CHAPTER XXXII. — AN OMINOUS COUGH.
“I say, Jenkins, how you cough!”
“Yes, sir, I do. It’s a sign that autumn’s coming on. I have been pretty free from it all the summer. I think the few days I lay in bed through that fall, must have done good to my chest; for, since then, I have hardly coughed at all. This last day or two it has been bad again.”
“What cough do you call it?” went on Roland Yorke—you may have guessed he was the speaker. “A churchyard cough?”
“Well, I don’t know, sir,” said Jenkins. “It has been called that, before now. I dare say it will be the end of me at last.”
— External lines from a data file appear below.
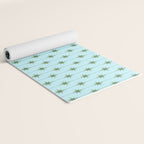 Mid Century Modern Stars and Dots Pattern in Light Aqua Blue and Olive Green Yoga Mat Gallery Image 2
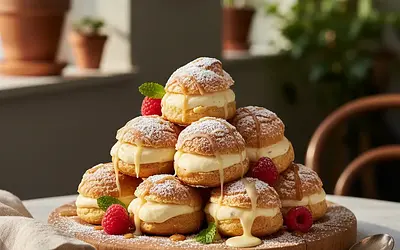 Ptysie z kremem waniliowym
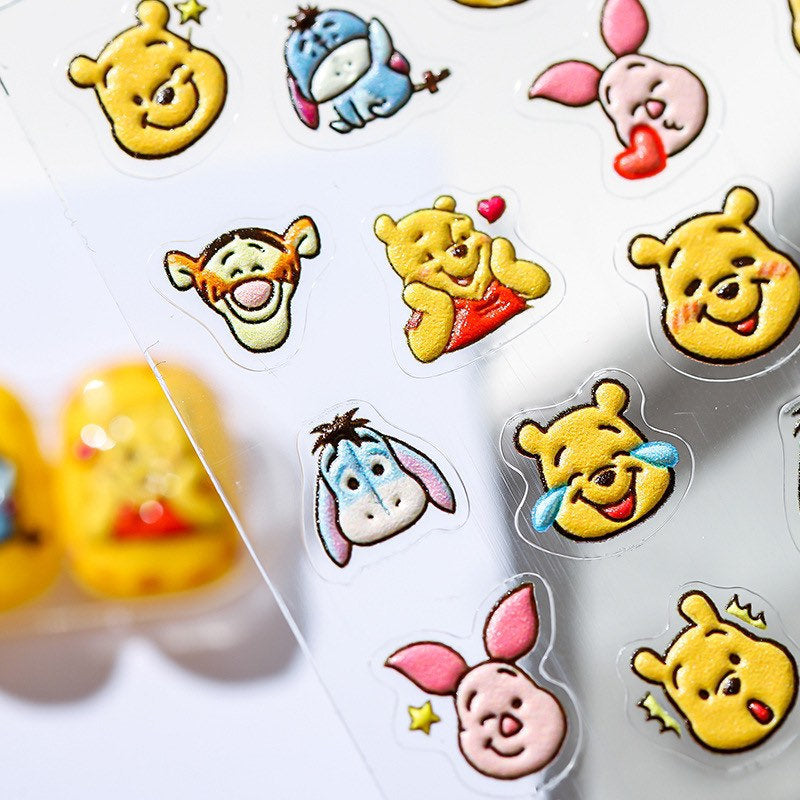 Winnie the Pooh Nail Deco Stickers – LuLuFun Studio Cute Bear Decals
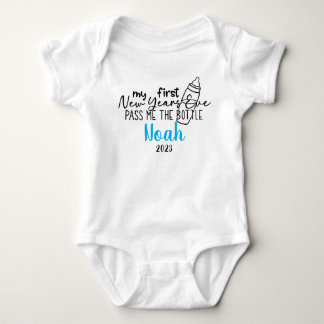 My First New Year's Eve Pass Me The Bottle Baby Bodysuit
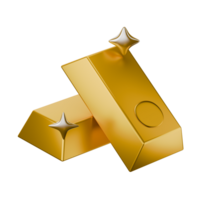 gold bar precious asset investment wealth and rich symbol finance theme isolated 3d icon illustration isolated png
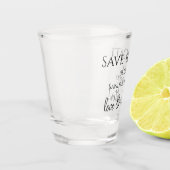 Trouw Save the Date Zwart Wit Liefde & Lachsalvo's Shot Glas (Links)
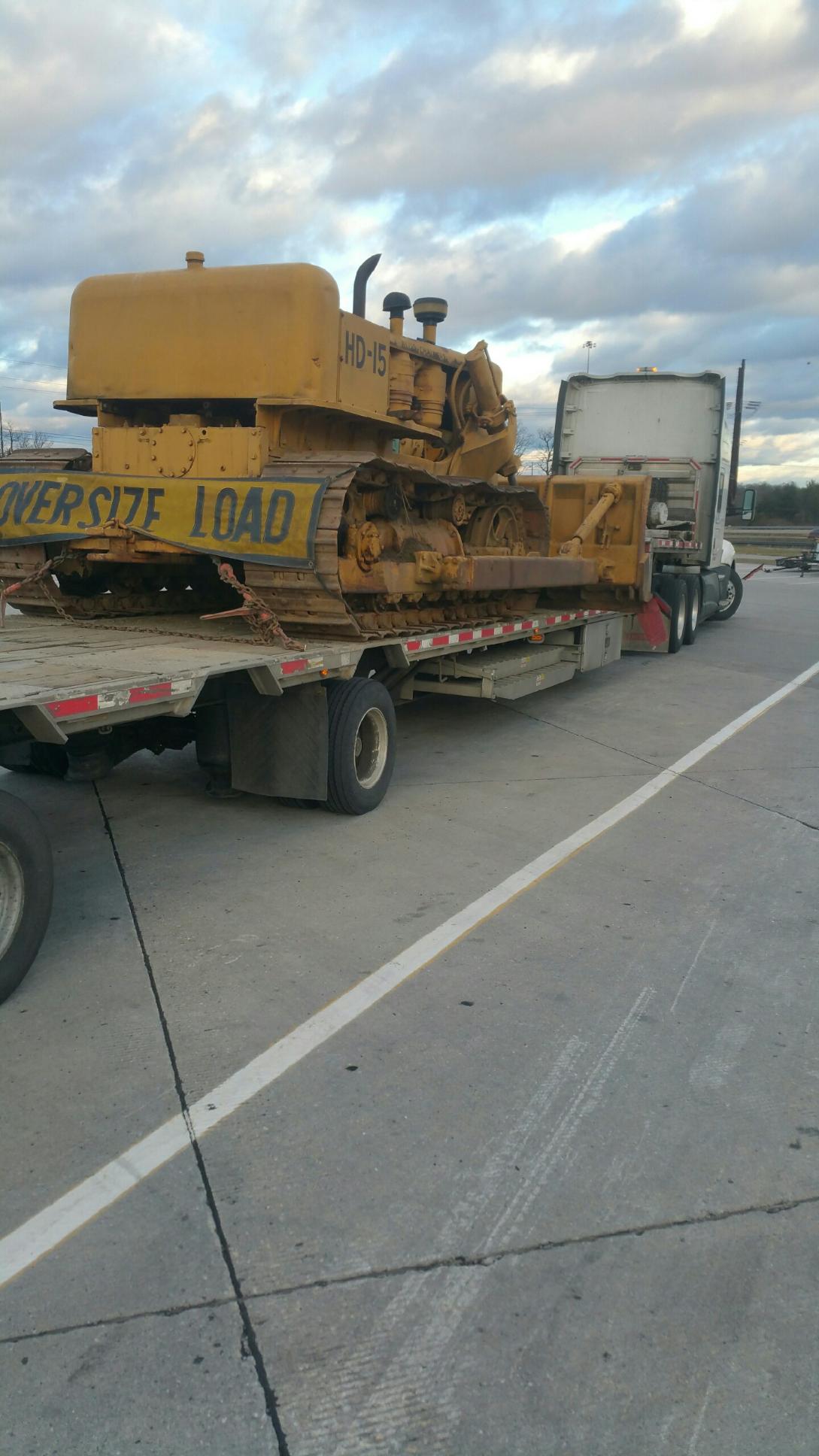 Dozer about to be transported to WY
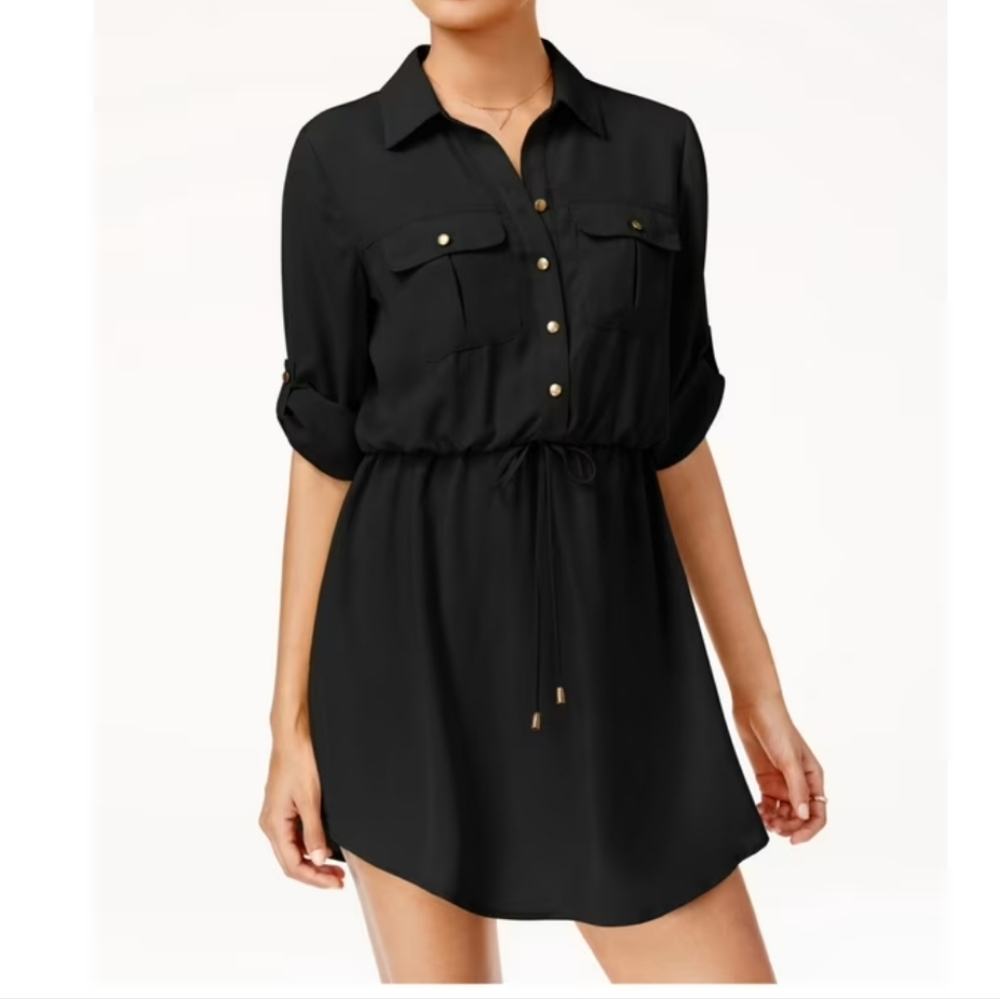 Bepop Black 3/4 Sleeve Dress Shirt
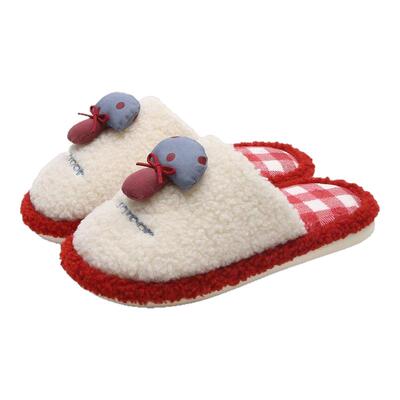 细细条立体小蘑菇棉拖鞋女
“Cool!” remarked Roland. “Cooler than I should be, if I had a cough, or any plague of the sort, that was likely to be my end. Does it trouble your mind, Jenkins?”
“No, sir, not exactly. It gives me rather down-hearted thoughts now and then, till I remember that everything is sure to be ordered for the best.”
“The best! Should you call it for ‘the best’ if you were to go off?” demanded Roland, drawing pen-and-ink chimneys upon his blotting-paper, with clouds of smoke coming out, as he sat lazily at his desk.
“I dare say, sir, if that were to happen, I should be enabled to see that it was for the best. There’s no doubt of it.”